Well, everyone except Vladimir Putin, that is. A deep fall in Russian revenues thanks to fracking would threaten his glorious plans, the Russian economy, and maybe the stability of his rule. Consequently, we shouldn’t be surprised when people start to wonder if those anti-fracking demonstrations in Europe aren’t being ginned up in Moscow:

PUNGESTI, Romania — Vlasa Mircia, the mayor of this destitute village in eastern Romania, thought he had struck it rich when the American energy giant Chevron showed up here last year and leased a plot of land he owned for exploratory shale gas drilling.

But the encounter between big business and rural Romania quickly turned into a nightmare.
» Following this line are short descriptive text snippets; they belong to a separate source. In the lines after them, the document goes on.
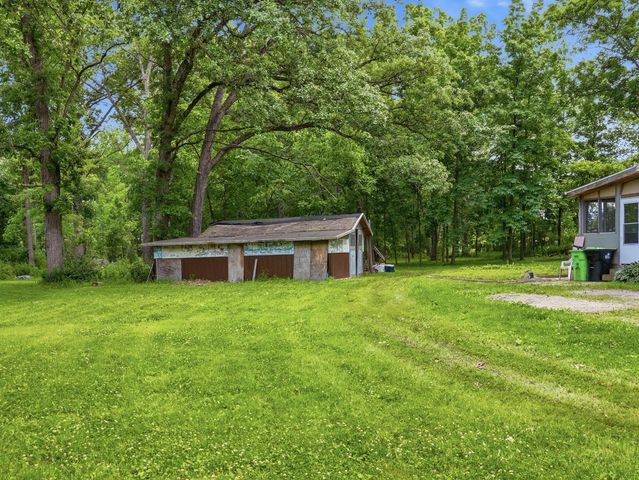 8311 Fox River ROAD, Waterford, WI 53185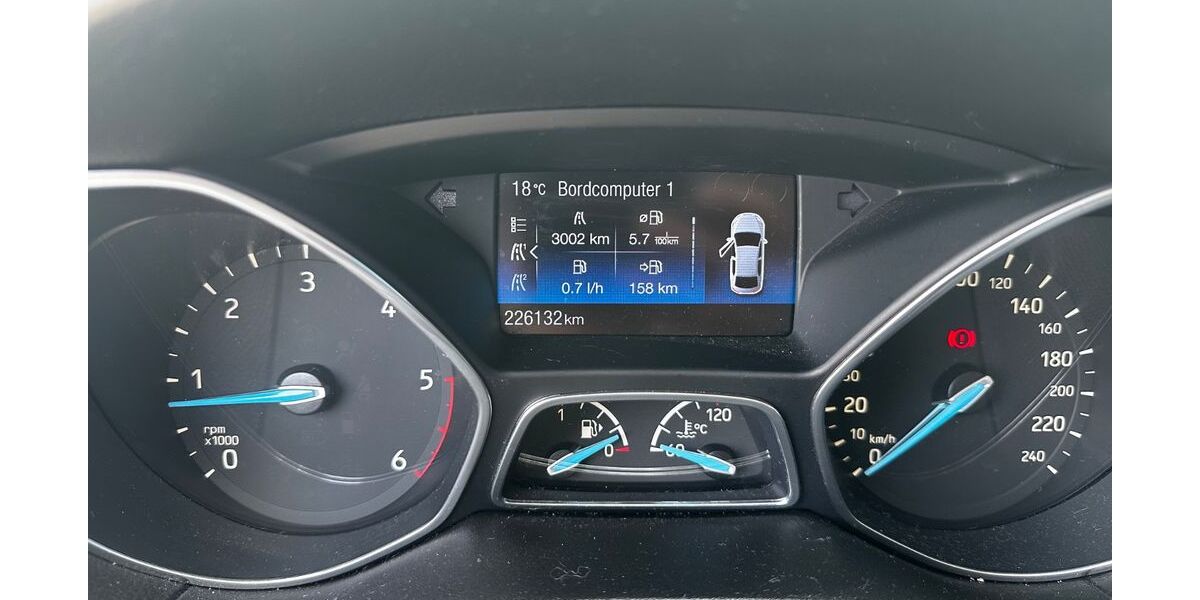 Ford Focus 226.500 km 3.600 &euro; Essen 45329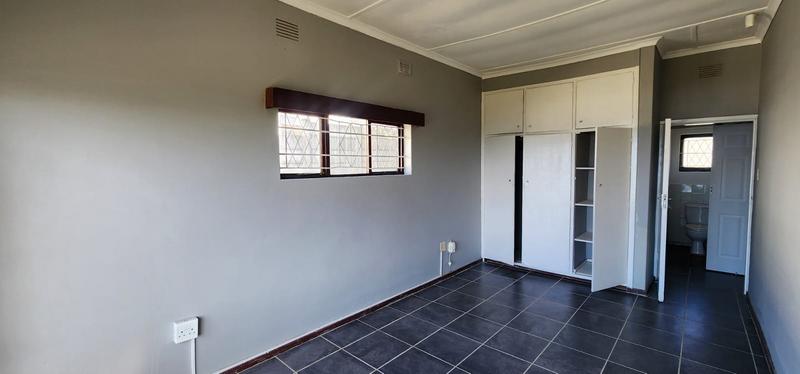 3 Bedroom Property for Sale in Park Rynie KwaZulu-Natal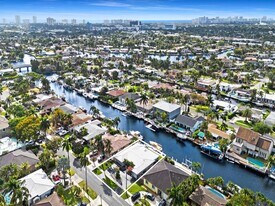 300 SE 10th St in Pompano Beach, FL - Building Photo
The village became a magnet for activists from across the country opposed to hydraulic fracturing, or fracking. Violent clashes broke out between the police and protesters. The mayor, one of the few locals who sided openly with Chevron, was run out of town, reviled as a corrupt sellout in what activists presented as a David versus Goliath struggle between impoverished farmers and corporate America.

“I was really shocked,” recalled the mayor, who is now back at his office on Pungesti’s main, in fact only, street. “We never had protesters here and suddenly they were everywhere.”

Pointing to a mysteriously well-financed and well-organized campaign of protest, Romanian officials including the prime minister say that the struggle over fracking in Europe does feature a Goliath, but it is the Russian company Gazprom, not the American Chevron.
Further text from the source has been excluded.